There's a great documentary series currently on BBC television entitled How God Made the English. The first part - A Chosen People? - is still available on BBC iPlayer (be sure to view it quickly before it is removed). It's documentary-making in its prime and rousing stuff if you are English, offering fascinating insight in how England has proved adept at constructing powerful and enduring myths. In the programme the presenter explores how the English captured, internalised and actualised the biblical concept of the Jews as God's chosen people for themselves, so that the English became the new chosen people. This English sense of "chosenness" went on to shape and drive English identity, confidence and self-perceptions. The result is a sense of immense self-confidence (even superiority), all the stronger because it was perceived as having divine backing.
Yet this English sense of "chosenness" and superiority is quite at odds with the Jewish understanding of the concept expressed by the rabbi interviewed in the film. For him, being chosen brings with it considerable responsibility and consequences, neither does chosenness mean exclusivity or superiority over others. Chosenness is for a purpose, not a means in itself. This understanding is far removed from the historical English version explored in the documentary promulgating supreme self-confidence and a sense of superiority (I'm reminded of that saying, "An Englishman will treat you as his equal if you will treat him as your superior".)
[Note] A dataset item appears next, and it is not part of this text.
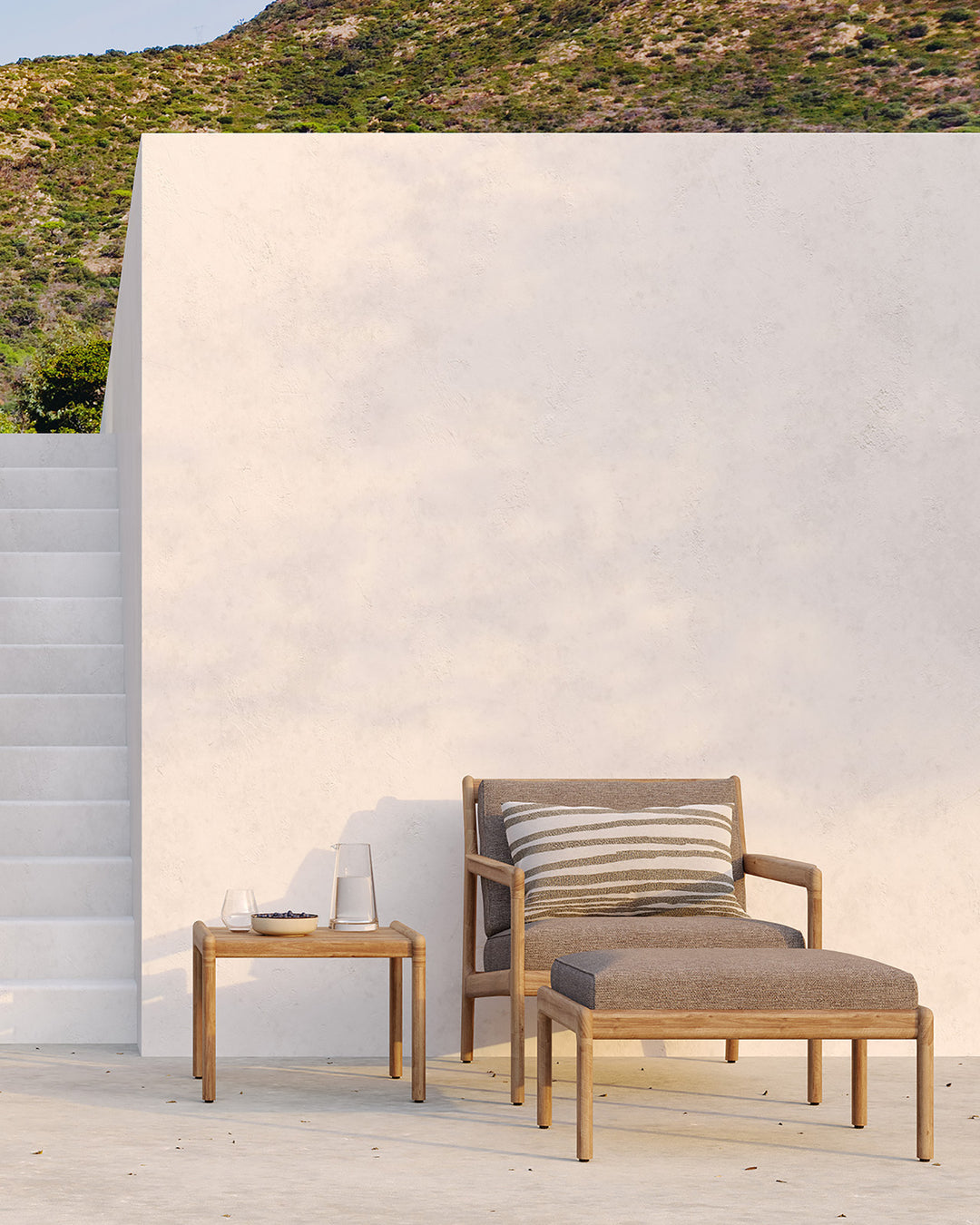 Pernă Nomad Stripes — White Stripes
This raises an interesting question. To what extent is this latter understanding of chosenness driving a rejection of the Jews as God's chosen people by some English churchmen who are vocal on these issues? In other words, is it their Sitz im Leben, their life context and setting as Englishmen, which has shaped their (mis)understanding of the concept of chosenness through the lens of an English sense of superiority (even arrogance), rather than an Old Testament understanding of chosenness (including all its duties, responsibilities and consequences)? I am asking the extent to which a specifically English preoccupation with and expression of supersessionism might have been brought about by a post-imperial rejection of English nationalism.